** Problem to solve **
After locating the line with "Thảm lót sàn" in the entries below, output it and each following line up to and including the line with "Montefresco Boutique Hostel", exactly and without pictures.

** Extracted material **
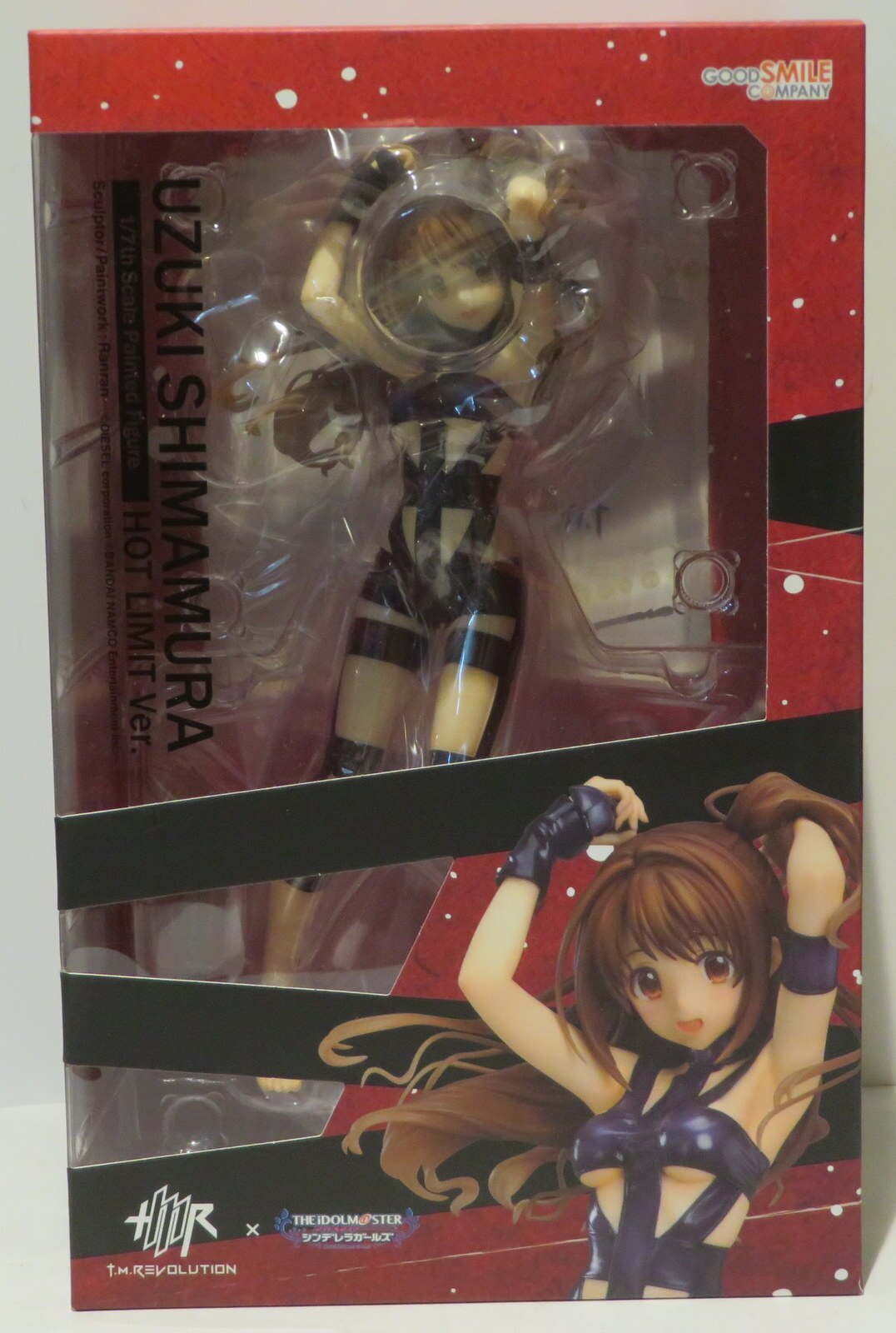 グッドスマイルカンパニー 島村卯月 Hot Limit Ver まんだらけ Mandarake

...

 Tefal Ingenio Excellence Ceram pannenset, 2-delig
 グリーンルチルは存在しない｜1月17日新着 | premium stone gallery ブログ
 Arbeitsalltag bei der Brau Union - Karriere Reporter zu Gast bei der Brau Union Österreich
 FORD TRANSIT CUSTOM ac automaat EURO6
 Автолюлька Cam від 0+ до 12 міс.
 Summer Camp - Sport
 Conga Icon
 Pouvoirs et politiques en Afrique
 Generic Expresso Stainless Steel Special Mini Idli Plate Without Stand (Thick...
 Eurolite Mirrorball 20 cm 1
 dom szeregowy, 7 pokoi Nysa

* * *

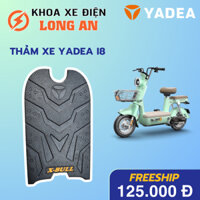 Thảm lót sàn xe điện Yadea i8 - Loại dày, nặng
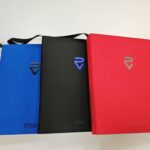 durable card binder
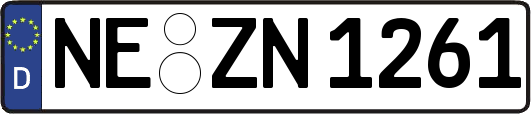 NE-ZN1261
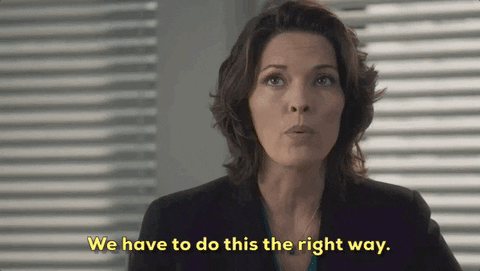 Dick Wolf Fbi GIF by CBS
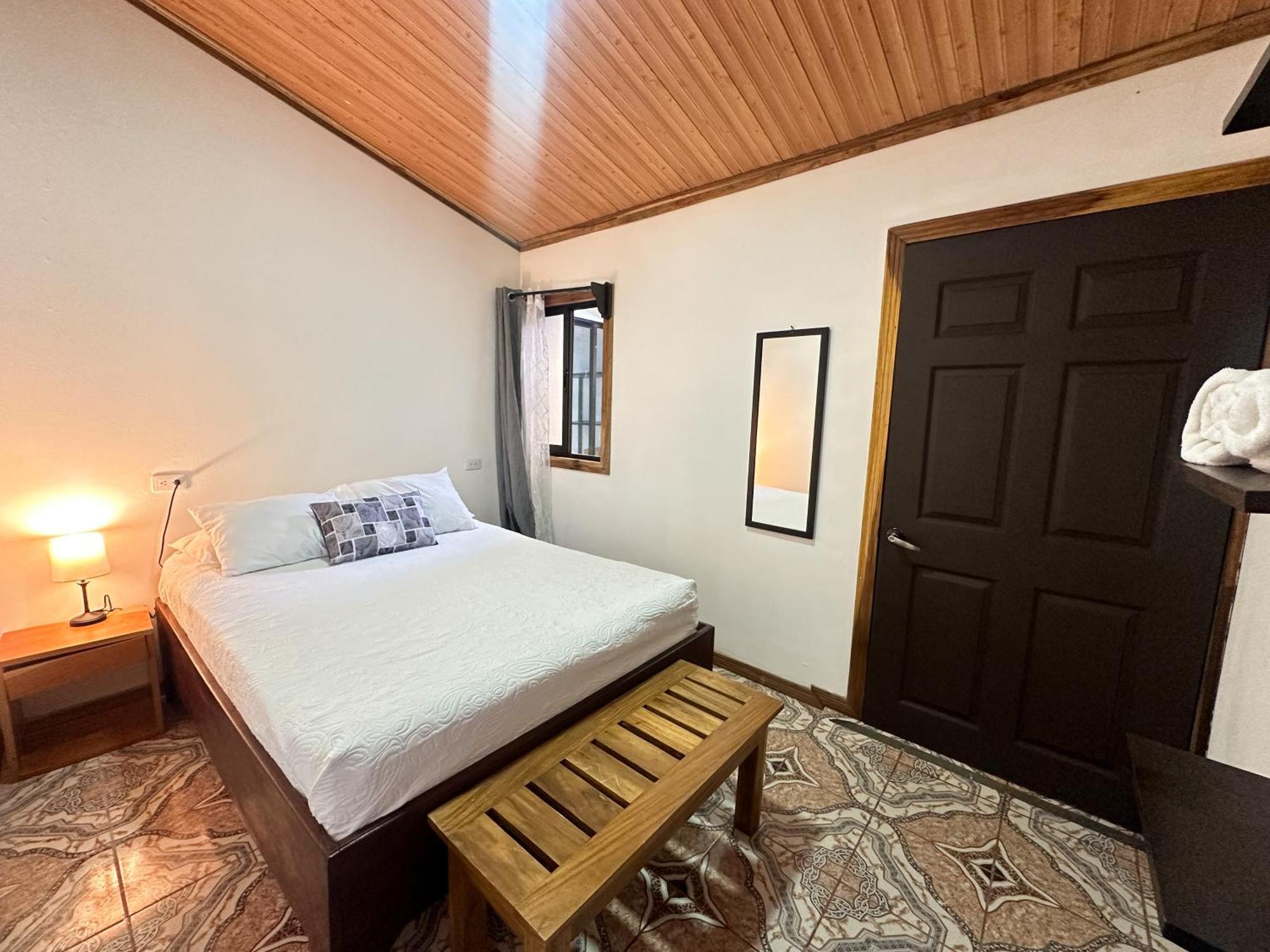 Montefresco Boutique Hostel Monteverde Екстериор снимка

** Output **
 Thảm lót sàn xe điện Yadea i8 - Loại dày, nặng
 durable card binder
 NE-ZN1261
 Dick Wolf Fbi GIF by CBS
 Montefresco Boutique Hostel Monteverde Екстериор снимка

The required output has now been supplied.